• **EXTRACTED MATERIAL**:
-- Opening Marker --

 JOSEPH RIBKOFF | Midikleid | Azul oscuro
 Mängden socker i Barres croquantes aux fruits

-- Closing Marker --
-- Opening Marker --

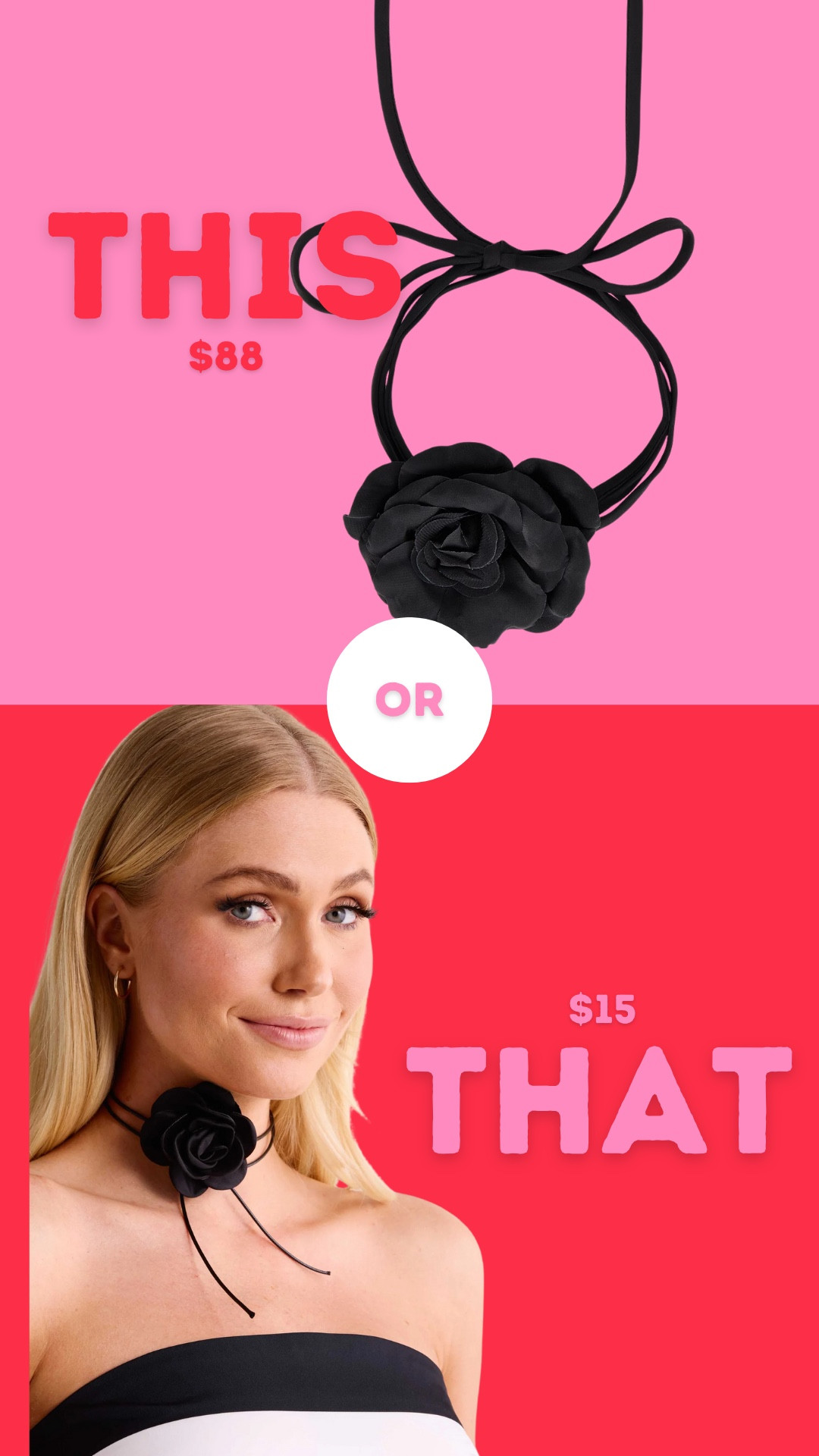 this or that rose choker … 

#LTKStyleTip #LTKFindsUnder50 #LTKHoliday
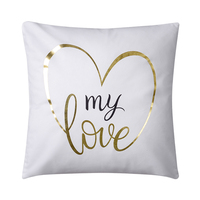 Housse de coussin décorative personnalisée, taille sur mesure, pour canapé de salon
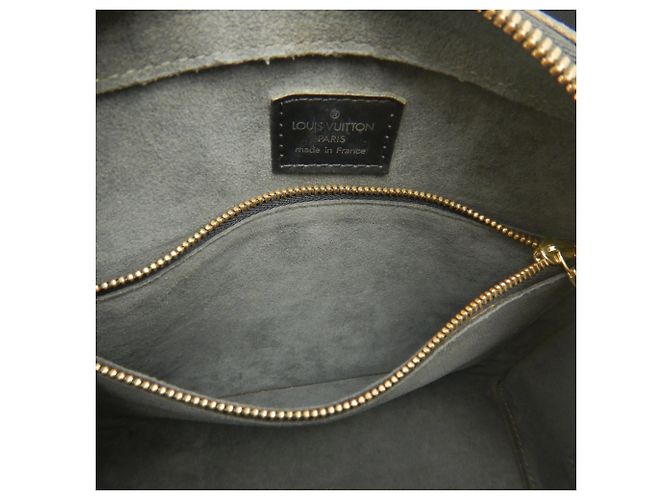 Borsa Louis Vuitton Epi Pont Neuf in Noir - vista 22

-- Closing Marker --

Within the entries above, the lines from the one containing "Housse de coussin" through the one containing "Borsa Louis Vuitton" are to be transcribed exactly, ends included, pictures excluded.

• **RESULT BELOW**:
 Housse de coussin décorative personnalisée, taille sur mesure, pour canapé de salon
 Borsa Louis Vuitton Epi Pont Neuf in Noir - vista 22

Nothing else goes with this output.